What you need to do:
Every line of the listing below is to be repeated exactly; the pictures stay out.

Supplied material:
Segment Open
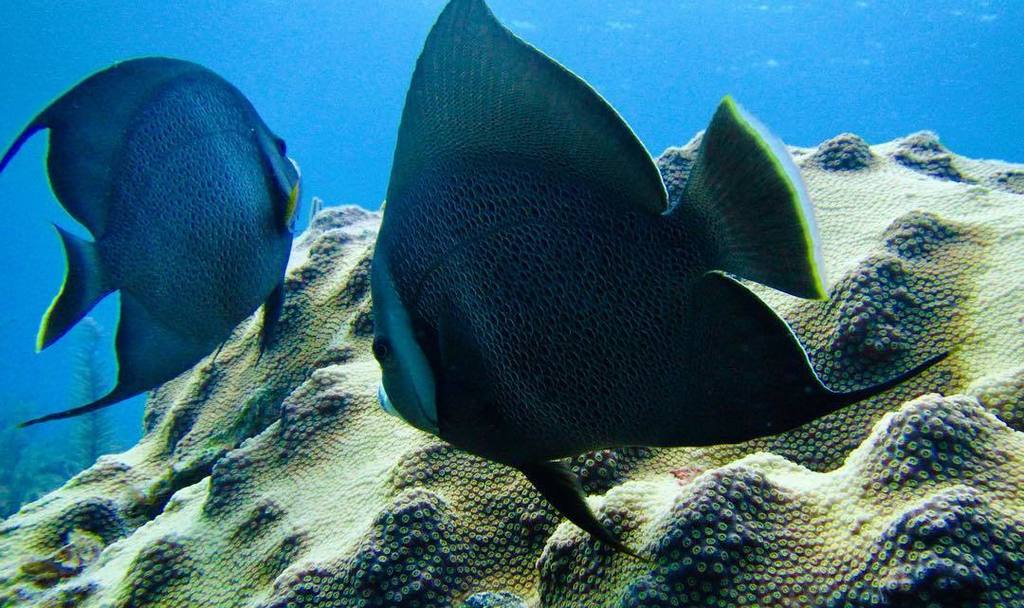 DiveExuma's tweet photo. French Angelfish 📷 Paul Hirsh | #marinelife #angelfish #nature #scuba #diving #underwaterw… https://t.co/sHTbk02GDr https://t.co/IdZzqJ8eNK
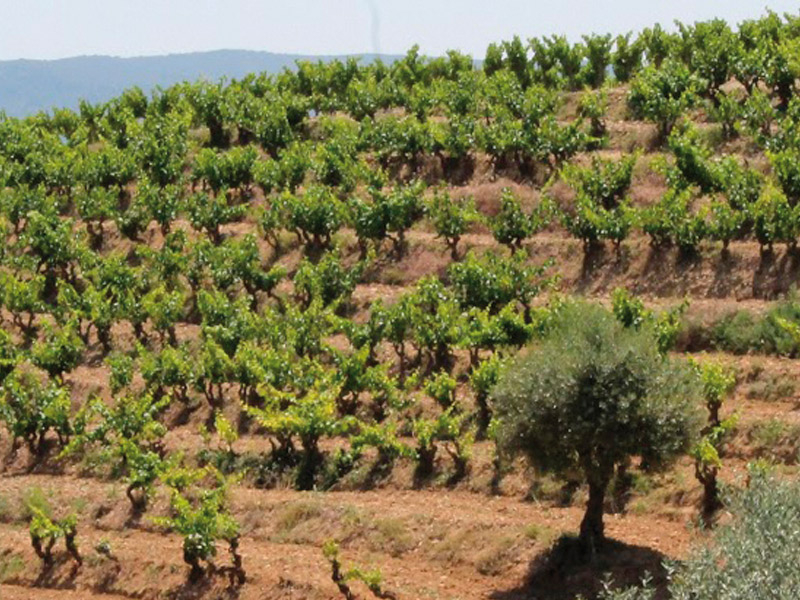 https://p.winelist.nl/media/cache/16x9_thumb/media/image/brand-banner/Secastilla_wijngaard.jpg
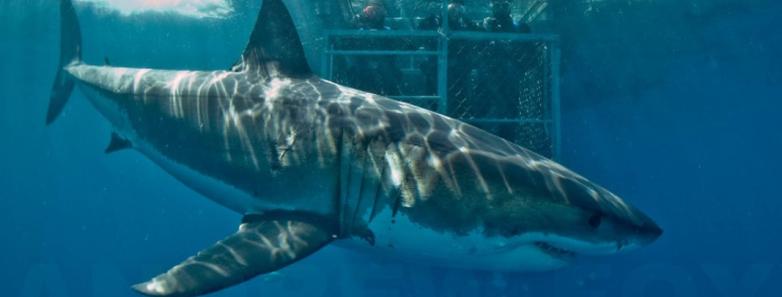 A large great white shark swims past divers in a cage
Segment Closed
Exercise answer:
 DiveExuma's tweet photo. French Angelfish 📷 Paul Hirsh | #marinelife #angelfish #nature #scuba #diving #underwaterw… https://t.co/sHTbk02GDr https://t.co/IdZzqJ8eNK
 https://p.winelist.nl/media/cache/16x9_thumb/media/image/brand-banner/Secastilla_wijngaard.jpg
 A large great white shark swims past divers in a cage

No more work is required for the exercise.